• Karin Meincke

ANGST - Erlebnisbericht aus der Geisterbahn!!


Uaaaahhhhhh!!!!!! Na, hast du ANGST? 😉 Viele haben es und kaum einer spricht darüber. Als ich heute anlässlich des Faschings eine Geisterbahn mit Kindern (in meinem 'Nebenjob' im Kindergarten) veranstaltete, konnte ich gut beobachten, welches Verhältnis verschiedene Kinder zu ihrer Angst haben. Kinder, die ich in alltäglichen Situationen als sehr ängstlich erlebe und welche schon vorher in der Garderobe weiche Knie bekamen, gingen in starrer Körperhaltung, sehr schnell und ohne ein Wort zu sagen durch die Bahn des Grusels und behaupteten hinterher festen Blickes, es sei 'ja gar nicht gruselig' gewesen und sie hätten 'überhaupt gar keine Angst gehabt'. 😉 Andere Kinder, welche ich hingegen im Alltag als sehr selbstsicher erlebe, sagten sofort, sie hätten große Angst und nahmen dankbar meine Hand als Unterstützung an oder forderten mich auf, weniger gruselige Geräusche anzumachen. 😇 Sie wollten dann gleich nochmal in die Geisterbahn....

Was zeigt sich hier?

Die eher selbstsicheren Kinder können ihre Angst offenbar annehmen, ausdrücken und konstruktiv nutzen, um ihr Recht auf Schutz einzufordern. Sie haben wahrscheinlich von ihren Bezugspersonen erfahren, dass sie sich auf sie verlassen und stützen können, sobald sie sich in Not fühlen.

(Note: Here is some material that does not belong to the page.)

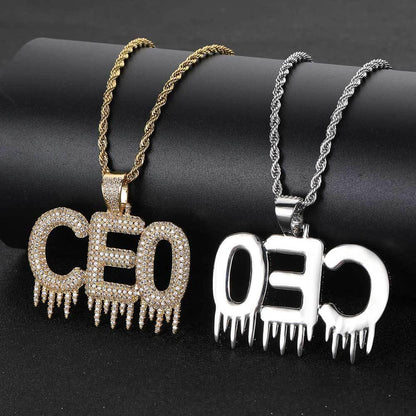 Ice Bar Letter Pendant Necklace with Copper Frame and Zircon Stones for Men | Caratix Jewelry - CaratixJewelry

Die tendenziell im Alltag eher ängstlichen Kinder haben dies wahrscheinlich weniger erfahren. Vielleicht wurden sie in überwältigenden Situationen allein gelassen oder man hat ihnen gesagt, sie sollen keine Angst haben oder 'sich nicht so anstellen'. Vielleicht hat man sich auch über sie lustig gemacht. Daher scheinen sie ihre Angst nun wegzudrücken und 'STARK' sein zu wollen. Die Angst brodelt jedoch unerlöst in ihnen weiter.....denn sie hat kein Gehör gefunden....und sie weiß: 'Ich werde nicht beschützt, auch wenn ich da bin. Also muss ich vielleicht falsch sein.' Bringt man so einem Kind bei, sich richtig zu fühlen?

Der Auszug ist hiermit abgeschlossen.